While one might think such heady stuff is the purview only of philosophy, it is not uncommon for members of the general public to think of themselves in dualistic ways—as minds that happen to be in particular bodies. Hence it seems quite natural to read science fiction stories of transplanting brains and downloading minds or ghost stories in which people’s lives of thoughts, desires, and feelings continue after their deaths. In these stories the body is treated as a mere vessel. Changing bodies seems to be like moving house—habits, challenges, and perspectives may alter, but the person inside remains one and the same. Even many common attitudes about emotions reflect the traditional philosophical views about the relation of mind to body. Thus crimes of passion may be treated more leniently precisely because the perpetrators are thought to have been overcome by their emotions and hence not responsible for their actions. Their embodied emotional state is supposed to have made it impossible for them to think and act rationally. An action, it seems, only belongs to a responsible agent when it is rationally chosen; emotions and other bodily responses can be disowned as aberrations. The implication is that subjects are only fully agents insofar as they can overcome their embodiment—mind and body are conceived as distinct and, indeed, in opposition.

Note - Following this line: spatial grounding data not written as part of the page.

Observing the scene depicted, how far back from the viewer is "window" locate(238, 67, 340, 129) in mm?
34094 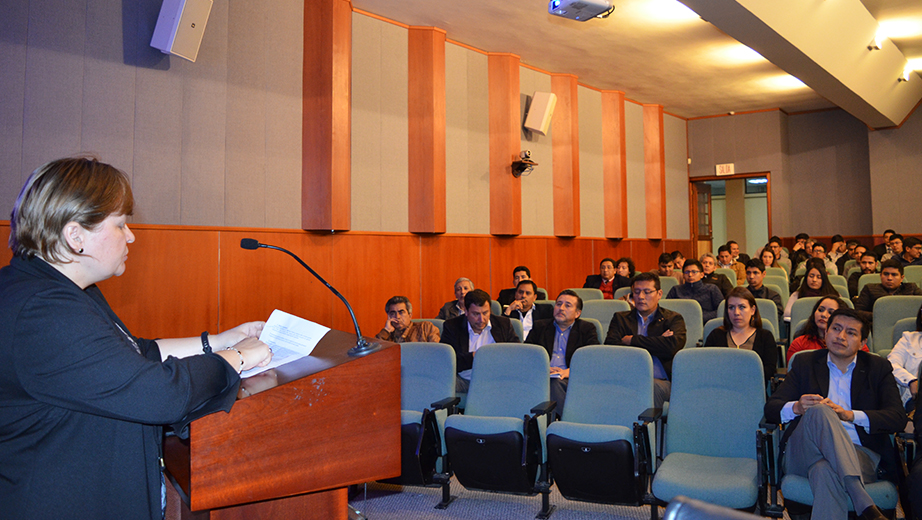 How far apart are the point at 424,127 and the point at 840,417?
538 centimetres

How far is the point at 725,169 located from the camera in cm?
1207

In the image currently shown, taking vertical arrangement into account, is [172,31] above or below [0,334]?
above

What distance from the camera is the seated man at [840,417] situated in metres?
2.50

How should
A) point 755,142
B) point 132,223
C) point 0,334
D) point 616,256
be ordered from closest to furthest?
point 0,334 → point 132,223 → point 616,256 → point 755,142

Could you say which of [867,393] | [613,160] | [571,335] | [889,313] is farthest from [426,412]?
[613,160]

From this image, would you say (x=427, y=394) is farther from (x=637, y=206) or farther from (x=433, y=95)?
(x=637, y=206)

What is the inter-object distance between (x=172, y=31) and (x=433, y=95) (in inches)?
119

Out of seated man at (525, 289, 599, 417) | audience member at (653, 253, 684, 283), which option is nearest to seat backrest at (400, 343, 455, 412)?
seated man at (525, 289, 599, 417)

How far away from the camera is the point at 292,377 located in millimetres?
1181

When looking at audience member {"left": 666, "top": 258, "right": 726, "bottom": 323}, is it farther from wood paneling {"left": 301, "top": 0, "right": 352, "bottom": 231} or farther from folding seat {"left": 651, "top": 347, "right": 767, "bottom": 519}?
wood paneling {"left": 301, "top": 0, "right": 352, "bottom": 231}

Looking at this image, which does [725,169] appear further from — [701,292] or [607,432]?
[607,432]

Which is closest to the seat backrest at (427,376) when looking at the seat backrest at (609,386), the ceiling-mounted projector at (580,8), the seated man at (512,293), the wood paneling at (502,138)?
the seat backrest at (609,386)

Although the mind-body distinction and its many implications were prevalent throughout the history of European philosophy, the vision of “man” as rational agent took on new importance in the humanism of the Enlightenment. While this humanism displaced religion from the heart of the community (and, in some cases, from the hearts of individuals), mind-body dualism remained entrenched, and it continued to form the framing assumption for epistemology and ethics. Even now, within a mainstream philosophical community that attempts to keep religious assumptions out of metaphysics and that typically endorses some form of materialist monism (the position that there is no mind-body distinction because the mind is the brain) the implications of rejecting dualism have not yet reverberated through the discipline. While the theoretical tensions caused by the suppression of the body has prompted some contemporary philosophers of emotion and mind to challenge the tradition of somatophobic dualism (e.g., Damasio 1994; Clark 1998; Kelly 2003), the gulf between agency and embodiment, implied by mind-body dualism, remains in both ethics and epistemology.
In the Enlightenment, zeal for scientific reasoning, rationality, and freedom were naturalized but not embodied. Liberal political thought arose from the idea that rationality and free will are natural capacities of “all” humanity. These capacities are taken to be equally valuable among all people and worthy of protection. The rise of the autonomous, radically independent individual as the locus for liberal political thought brought with it not only democracy but capitalism and the belief that the free market was a kind of economic state of nature in which “man,” both as an individual and as a species, could flourish. The myths of the “self-made man” and entirely self-interested, rational economic agents resulted in a view of human autonomy that ignored the influences of personal relationships, communities, social position, and embodiment. Moreover, it fostered a sense that the state had an obligation to defend negative freedoms from interference rather than enforce positive freedoms of access to resources or opportunities. As the agent was thought to be naturally and fundamentally free when outside the legal constraints of society, the role of the state was to protect these freedoms as much as possible under the constraints imposed by engaging in the shared project of nation building.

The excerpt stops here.